We’ve been inundated with a down pouring of dogs this week. On Monday, June 15th (the day after Grandpa Hoitt’s birthday) Molly whelped eight squealing little pups—three male, all badger colored; five female, four badger and one white. Pups squealed to be fed and squealed louder to get Momma off of them. The good folks at Windy Meadow Farm in Ohio had warned us that these Great Pyrenees bitches have a tendency to sit or lie on, and crush, new pups. At the time I had imagined having the leisure to spend hours with a new momma dog, perhaps even setting up a cot beside her to be available through the night. Reality provided no such liberty on my part.
Molly’s pups were whelped in what was the barn’s office, a damp, musty, carpeted little room filled with piles of potentially-lethal objects: tool boxes, metal shelving, a bit of exercise equipment. I spent an hour or two that morning relocating her to a spacious, airy, and safe box stall. Heidi supervised as I lined the stall floor with flattened cardboard boxes, a layer of waste hay, and a topping of fresh, clean straw. She observed me stealing away with one pup after another, moving Molly’s new litter to the opposite end of the barn. When she came closer to supervise, Molly came out growling and barking, protecting her offspring from their doting Aunt Heidi. Yelling at Molly didn’t disabuse her of the notion that Heidi posed a threat, but Heidi seemed to understand both Molly’s message (it was difficult to miss) and mine. That Heidi is one smart dog.
Six days later, this morning, Molly is comfortable leaving her seven pups (one died the day she was born, likely inadvertently smothered by Mommadog) to come out for water, social contact, and a change of scenery. Eyes still closed, the pups squirm about the stall, slithering to new sleeping spots with regularity. Molly still barks half-heartedly at dogs approaching her pups, but I suspect Luther has actually been in to see them, and even BullyBob the goat popped into the stall one time to see what all the fuss was about (and to examine the kibble in Molly’s dish) and emerged unscathed.
Yesterday I prepared a nesting place for Heidi in the barn’s corridor, far from Molly’s view, in the shaded safety of the building, with various flimsy barriers to hem pups in and discourage goats from investigating. This morning I found Heidi firmly ensconced in one of the dogs’ chosen shelters: beneath a tarp-covered collection of prized white oak and sassafras boards filling the island of the driveway’s turnaround. Her ferocious barking when Luther or Molly trotted by alerted me to her motherhood status. Standing halfway across the gravel drive, I witnessed Heidi ministering to two dirt-blackened pups. The dogs have created cooling dugouts beneath various caches of boards, spots where the shaded earth helps keep them cool on these scorching-hot days. The particular dugout Heidi chose for whelping offers a central location fairly close to the barn, but the complete absence of tree-shade above the boards offers the brand-new pups ample opportunity to cook before noon.

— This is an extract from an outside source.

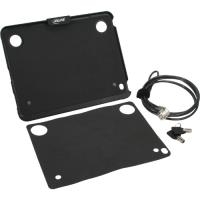 InLine iPad Halter/Case - Halterung für Webtablet - mit Sicherheits-Kabelschloss inkl. 2 Schlüssel - für Apple iPad 1, iPad 2 und das neue iPad (3. und 4. Generation mit Retina Display) (55725)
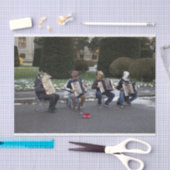 アニマルコンサート 薄葉紙 (クラフト)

Although Heidi has been quite affectionate towards me this week, allowing herself to be petted and rubbed at length on numerous occasions each day, with her fiercely-protective attitude, I was not eager to try moving her pups right away. But I was already dripping with sweat, having been outdoors nearly five minutes, and did not see how the pups could stay cool enough to live through the day let alone longer, so I found the next-best solution. Beside the storage trailer was a pile of Styrofoam insulation leftover from the shop-in-progress’s slab; I piled sheets of Styrofoam atop Heidi’s cave until I thought she had at least a chance of being shielded from the heat. All the while I talked to Heidi, explaining to her what caused the noises beside and behind her, and overhead. She let me work with only the occasional warning bark to keep my distance. We topped the stacked Styrofoam sheets with a large tarpaulin (we seem to have a few around here), weighted that down with wood, and left Heidi to finish whelping in peace.
Later I returned to find two puppies tumbling down the dirt embankment at the front of their new home. Straw backed by a log work to temporarily hem them in. Heidi also allowed me to refresh her water and place kibble inside her area. I saw four pups, and later a fifth. Hopefully she and her new pups will do fine in her chosen location.
A dozen puppies. As my mother used to exclaim, “Heavens to Betsy!”